Let's say that a Hindu has done a lot of good deeds, and barely any bad deeds after the ages of puberty, has he a chance of attaining paradise? (The hindu in particular has not committed any kufr, but has committed shirk.)
There is tradition in Islam that a quarter of a million prophets were sent to all the peoples of mankind before the final revelation of the Prophet (pbuh).
According to Zamakshari (12th century AD) the Qu'ran bears witness to the transcendental unity of all the revealed religions based upon the belief upon on One God, despite the differences between them 'in statutes and practises enjoined for the benefit of the various communities in accordance with their condition.'
There are, however, many believers within the community of Islam, as in other communities, who appear to derive profound satisfaction from the notion that they alone are on the right track and everyone else is astray. The conviction that theirs is the only true Faith, nourished by the human tendency to exclusiveness, finds support in the fact that the different religions must neccessarily have firm outlines if they are to be clearly to be distinguished.

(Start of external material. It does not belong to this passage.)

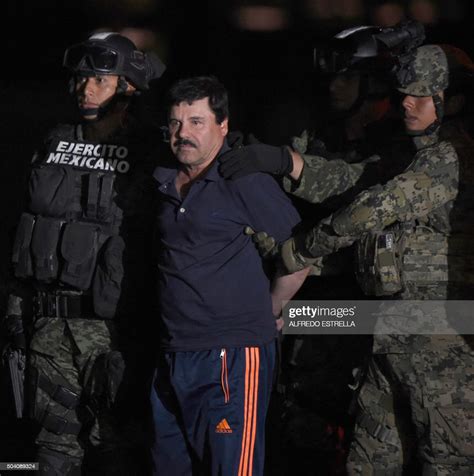 Drug Kingpin Joaquin El Chapo Guzman Is Escorted To A Helicopter At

I might add, this 'tendency to exclusiveness' is reflected also in the way that many men, believe that ideas and words are solely their possession and not to be shared; even when the words themselves, like words must, be shared; and likewise with ideas; this only goes to prove Eaton's argument that man is a possessive and grasping creature.

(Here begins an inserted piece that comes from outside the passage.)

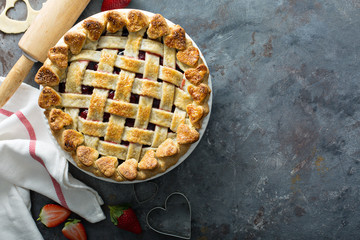 Strawberry pie with lattice and heart shaped decoration for Valentines Day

Given Eaton's argument and my own above, a Hindu, in their own way, may attain Jannat for Allah knows best.
One additional point here that ought to be taken into account is that the term 'Hindu' is a constructed term and not organic to India. For according to Bhimrao Ambedkar, the Dalit lawyer, convert to Buddhism and who helped draw up the constitution of India has said:
The first and foremost thing that must be recognised is that Hindu society is a myth. The name Hindu is itself a foreign name. It was given by the Mohommedans [sic] to the natives living east of the river Indus for the purposes of distinguishing themselves.
As Muslims we can see here directly what he means, since as Muslims we can see that 'Mohommedans' itself is not a native term to Islam. We call ourselves Muslims and not Mohommedans. The latter term was constructed by Christians modelled on how they named their own religion after its founder. Likewise, too, with Hindu and Hinduism ...
Finally, there is Gil Eaton says in his book, Islam and the Destiny of Man:
According to the great mujahid, the Emir Abdu'l-Qadir, 'our God and the God of all the communities opposed to ours are in truth One God ... despite the variety of His Manifestations ... He has manifested Himself to Muhammed's people beyond every form whilst manifesting himself in every form ... To Christians He has manifested Himself in the form of Christ ... and to the worshippers of whatever form it may be ... in the very form of this thing; for no worshipper of a finite object worships it for its own sake. What he worships is the epiphany in this form of the attributes of the true God ... Yet that which all the worshippers worship is one and the same. Their error consists only in the act of determining it in a limitative manner.
He quotes this from Mawqif 236 in the Mawaqif of Abdu'l Qadir (tr. by Chodkiewicz and published by Editions du Seuil, Paris, 1982). He goes on to say:
Abdu'l Qadir fought the Christians who invaded his land, Algeria because he was a Muslim. Exiled to Damascus, he protected the Christians against massacre by taking them into his own home because he understood. Those who would challenge him or accuse him of heresy should be prepared to face his sword and accept death from its blade since small men risk their necks when they challenge great ones.